On the other hand, attention and ceremony put in APIs definition (normally documentation and blueprints are agreed and signed up by the different parties involved) makes them difficult to change before integration time. One team might discover an extra need, but the change request on the API might then be agreed with several parties (which normally don’t love changing their ongoing design, or might find it a great chance to mask underlying schedule slips…) making this change process quite costly, even if it doesn’t affect code and system behaviour yet. I am tempted to define this approach “meeting room integration” ‘cause in large organization most of the effort is spent around a table.
More generally, the prescriptive approach weak point is the same of the waterfall development process: if everything is done properly at the right time, integration might proceed smoothly; but, if a change is required along the way, costs might rise out of control.

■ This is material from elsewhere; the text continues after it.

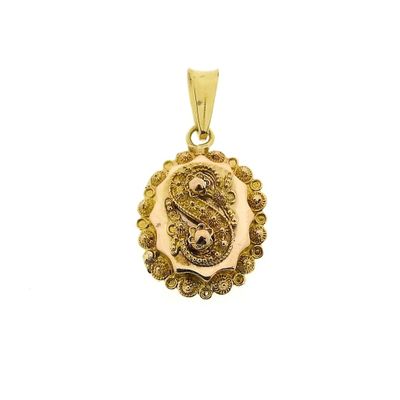 Image 1 of Two-tone antique gold pendant with Zeeland knots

The opposite approach, was introduced by Martin Fowler’s article and became a building block of the XP and TDD approaches. Continuous Integration focuses on integrating systems as early as possible: the leading principle is that integration is a high risk area and integration costs have to be paid anyway, so integrating early helps mitigating the associated risk. Different components are then integrated while still in development in an update-build-deploy-test cycle, which can be tuned to include the latest version, or the latest stable version, or the last officially released version from the SCM system. The whole system is built and deployed in a “neutral” test environment and reports of the current state of the system are sent to all the tem members involved.
Tests (automated test) play a great role in ensuring system stability: having a comprehensive integration test suite helps spotting potential conflicts between components as early as possible, giving the project management a better grip on the overall status of the system. Comparing this approach with the previous one we might notice that a significant part of the integration test could be developed earlier, without waiting the overall system to be ready.

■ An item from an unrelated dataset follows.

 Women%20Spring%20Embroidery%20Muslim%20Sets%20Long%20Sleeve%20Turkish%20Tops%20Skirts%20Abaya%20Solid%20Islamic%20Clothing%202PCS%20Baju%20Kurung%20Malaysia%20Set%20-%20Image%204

Of course there are some drawbacks with this approach also: relaxing stability constraints doesn’t necessarily mean “don’t design the APIs”, cost of change is paid differently, but it’s still a cost even if recent refactoring additions to common IDE introduced a significant improvement in this area. Starting integration tests early increases also the need for physical resources. If the hardware is a big cost on the overall project (or you have to rent it somehow), there might be constraints on test hardware availability. Same result may arise from organizational constraints: if the hardware is provided from another department you might have a looser control on hardware planning.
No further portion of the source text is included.